You can download and install the fixture library separately. I would suggest trying to install just the fixture library.

There's also a facebook page specific to Eos, you may be able to find your answer there. https://www.facebook.com/groups/etceosprogrammers/


----------



## SteveB (Nov 2, 2015)

Patch29 said:


> Hello. Don't mean to sound stupid after all I am new to the game but I am having trouble with ETC fixture library's. I have updated my software to 2.3.2. on both my ION and Nomad however it does not show any fixture library in my etc nomad. Any suggestions. And with the offline EOSNomad is their a way to control lights via computer.



From what I read on the release note for 2.3.2 there is no fixture update for this release.
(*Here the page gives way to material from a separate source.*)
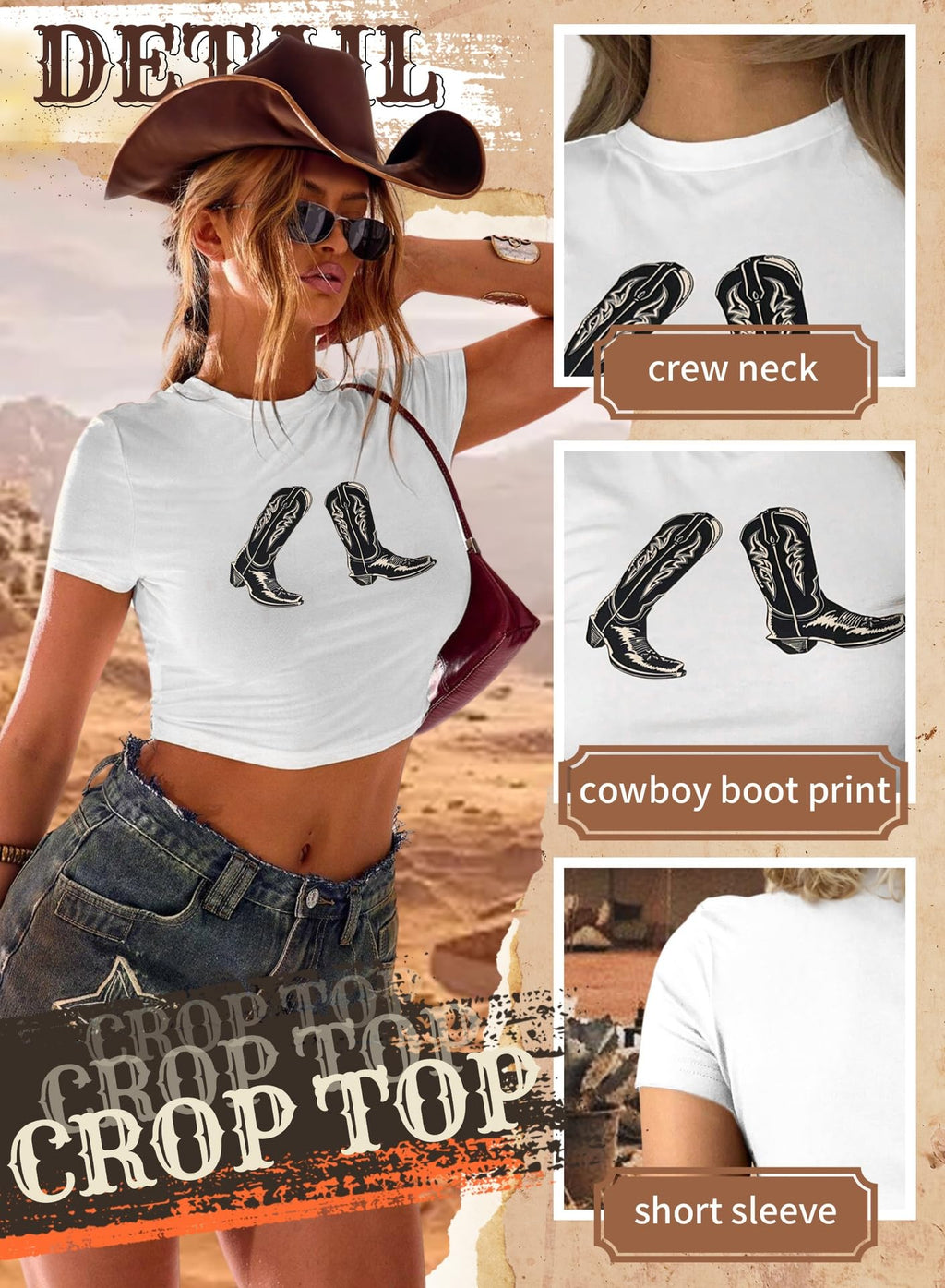 Western Cowgirl Crop Tops for Women - Country Rodeo Outfits Boot Print Summer Slim Shirt Sexy Cowboy Tee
Thus I would download the

Patch29 said:


> Hello. Don't mean to sound stupid after all I am new to the game but I am having trouble with ETC fixture library's. I have updated my software to 2.3.2. on both my ION and Nomad however it does not show any fixture library in my etc nomad. Any suggestions. And with the offline EOSNomad is their a way to control lights via computer.



I didn't see any comments in the 2.3.2 release notes about a fixture library update, so am assuming the last one is still current. I downloaded 2.3.2 today and it found the existing library on my laptop running Nomad.


----------



## Patch29 (Nov 2, 2015)

Goatman said:


> You can download and install the fixture library separately. I would suggest trying to install just the fixture library.
> 
> There's also a facebook page specific to Eos, you may be able to find your answer there. https://www.facebook.com/groups/etceosprogrammers/


Where can I find the fixture library?


----------



## Patch29 (Nov 2, 2015)

SteveB said:


> From what I read on the release note for 2.3.2 there is no fixture update for this release. Thus I would download the
> 
> 
> I didn't see any comments in the 2.3.2 release notes about a fixture library update, so am assuming the last one is still current. I downloaded 2.3.2 today and it found the existing library on my laptop running Nomad.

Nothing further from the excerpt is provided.